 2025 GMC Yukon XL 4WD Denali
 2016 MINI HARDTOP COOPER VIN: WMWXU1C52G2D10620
◇ ◇ ◇ ◇ ◇
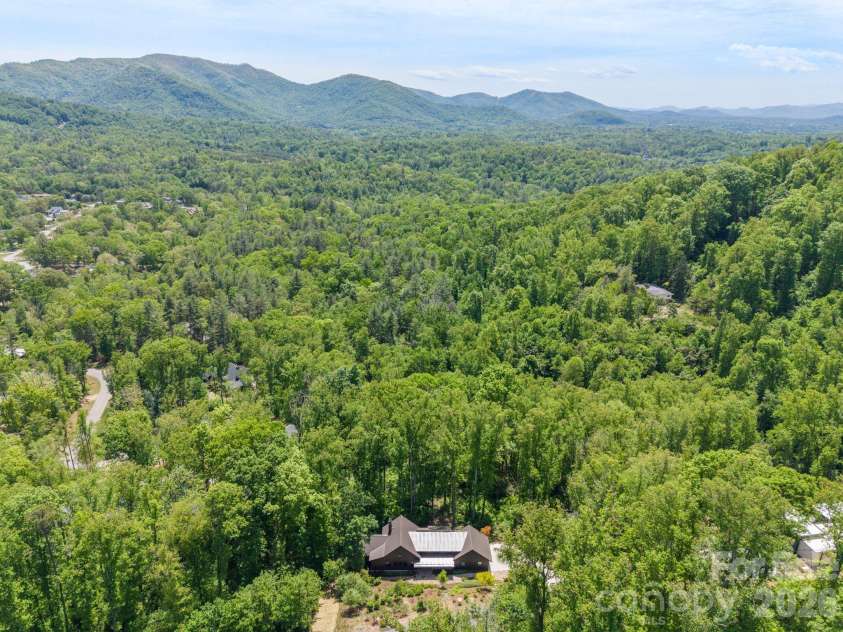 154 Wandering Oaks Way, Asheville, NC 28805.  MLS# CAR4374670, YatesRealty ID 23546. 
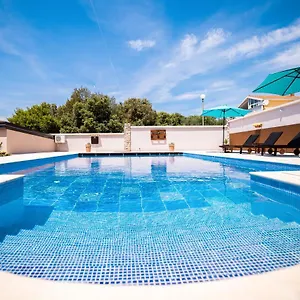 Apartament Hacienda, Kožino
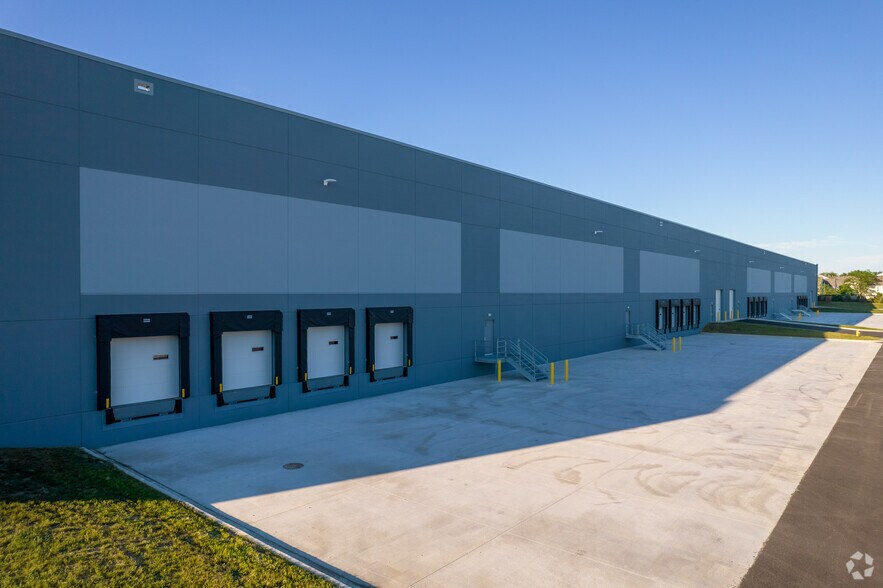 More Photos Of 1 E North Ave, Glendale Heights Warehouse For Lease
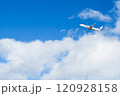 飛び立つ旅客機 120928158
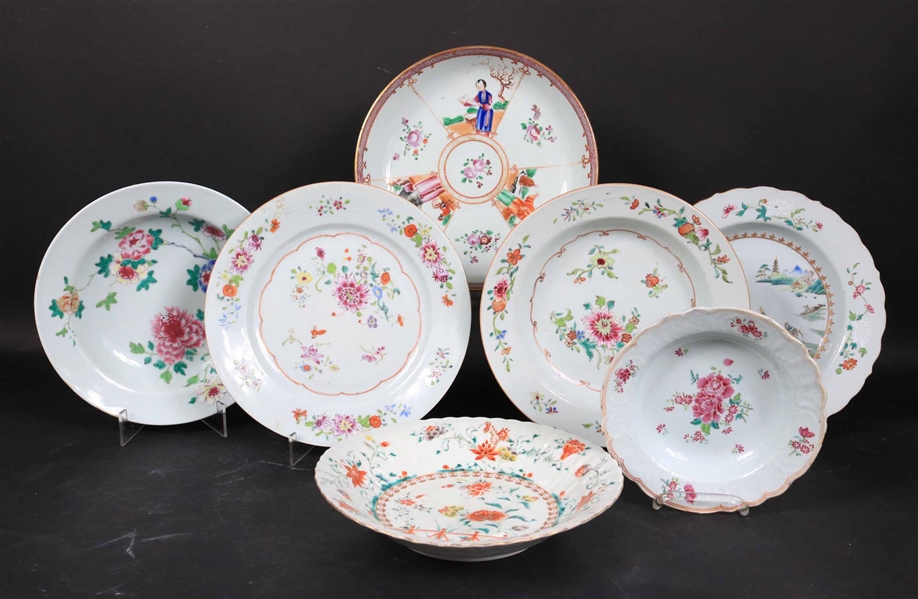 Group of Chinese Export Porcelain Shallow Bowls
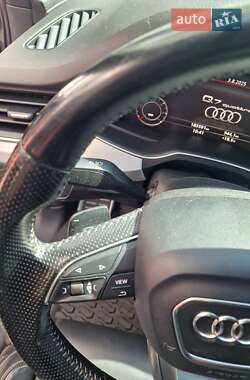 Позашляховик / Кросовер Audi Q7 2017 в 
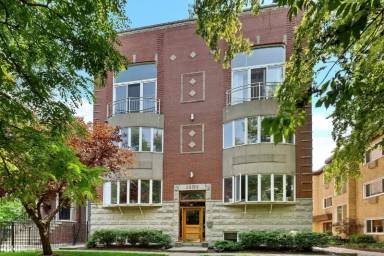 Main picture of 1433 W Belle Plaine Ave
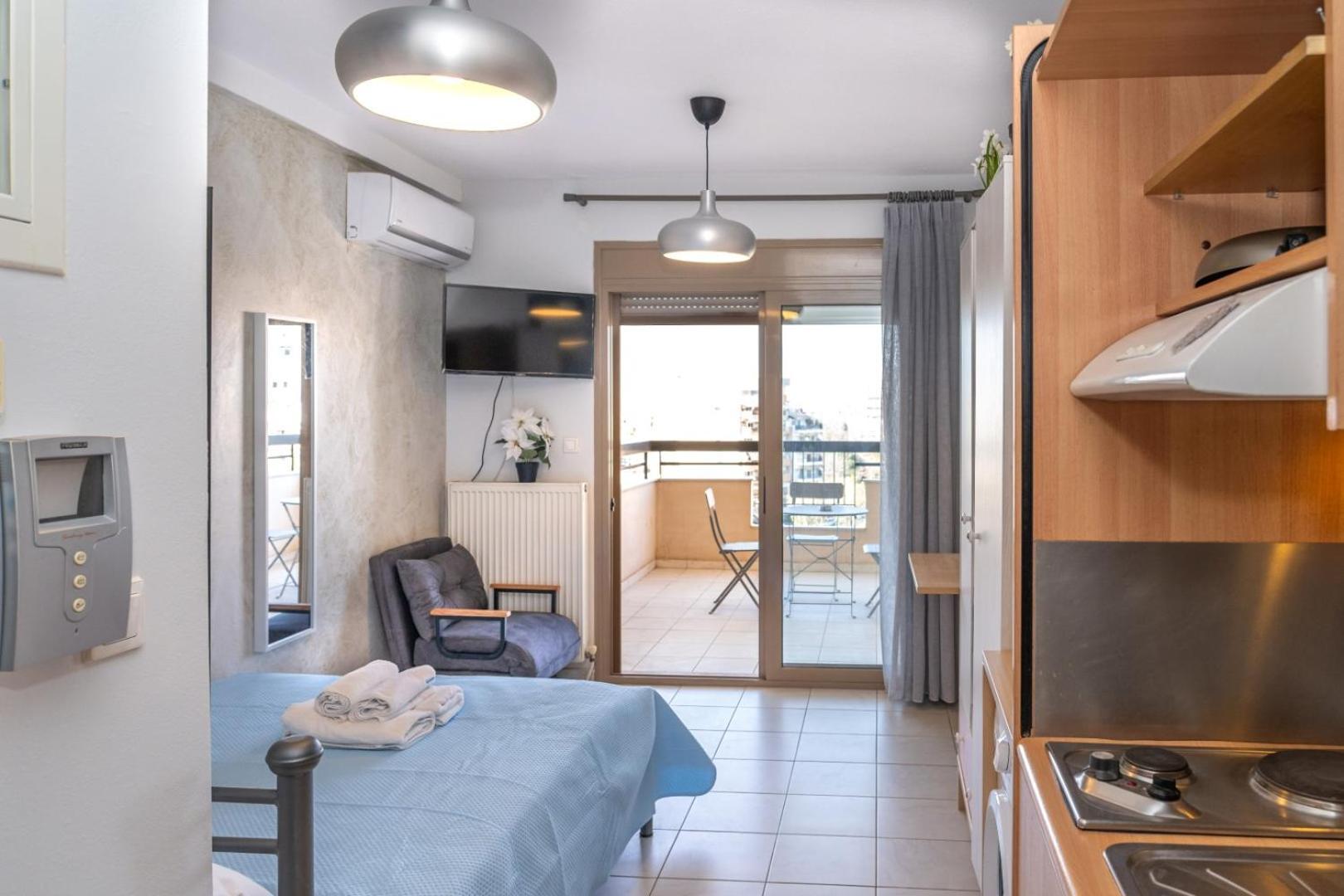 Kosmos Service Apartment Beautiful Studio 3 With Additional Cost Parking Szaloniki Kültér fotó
◇ ◇ ◇ ◇ ◇
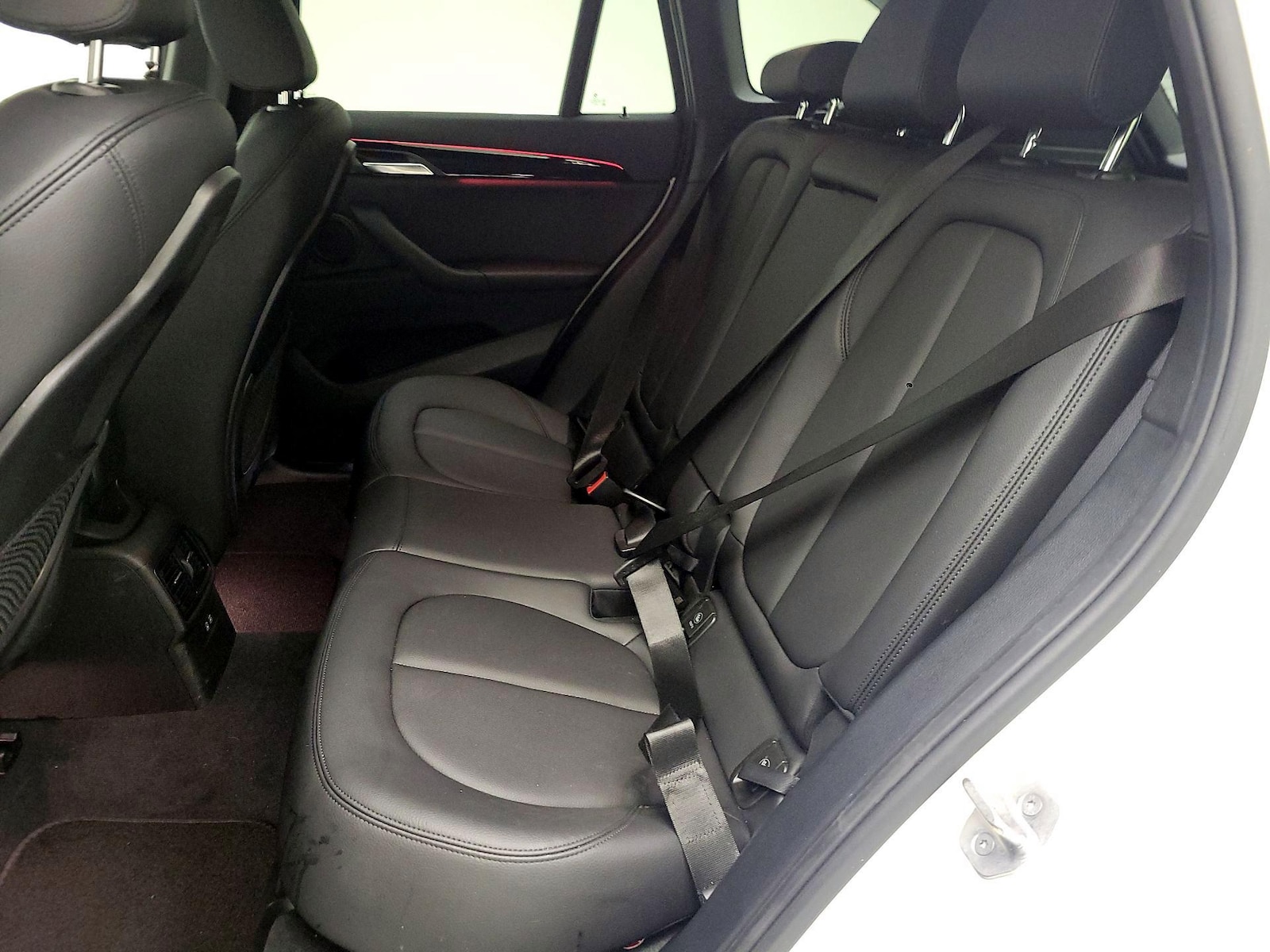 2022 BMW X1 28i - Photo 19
◇ ◇ ◇ ◇ ◇
Taking the records above, print only and exactly the lines from the line with "Main picture of 1433 W Belle Plaine Ave" to the line with "Kosmos Service Apartment", both kept, and exclude pictures.

 Main picture of 1433 W Belle Plaine Ave
 Kosmos Service Apartment Beautiful Studio 3 With Additional Cost Parking Szaloniki Kültér fotó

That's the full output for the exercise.